Fess Williams and his Royal Flush Orchestra was the main band of clarinetist Fess Williams from 1926–1930

Brief history 
In 1926 Williams formed the Royal Flush Orchestra.  The popular hot jazz outfit held residency at Harlem's Savoy Ballroom for most of its life and recorded on the Victor, Vocalion, Gennett, Okeh, Brunswick, Champion, and Harmony labels. Williams, Frank Marvin, and Perry Smith supplied vocals.  The flamboyant Williams typically performed wearing a white suit and top hat.

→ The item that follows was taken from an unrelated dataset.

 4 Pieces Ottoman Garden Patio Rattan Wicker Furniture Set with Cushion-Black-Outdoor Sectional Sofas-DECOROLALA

In 1928 Williams traveled to Chicago where he temporarily fronted Dave Peyton's band at the Regal Theatre.  Calling the group Fess Williams and His Joy Boys, he recorded two sides with them for Vocalion.  The Royal Flush Orchestra continued to operate in his absence, and in 1929 he returned to New York to resume his duties.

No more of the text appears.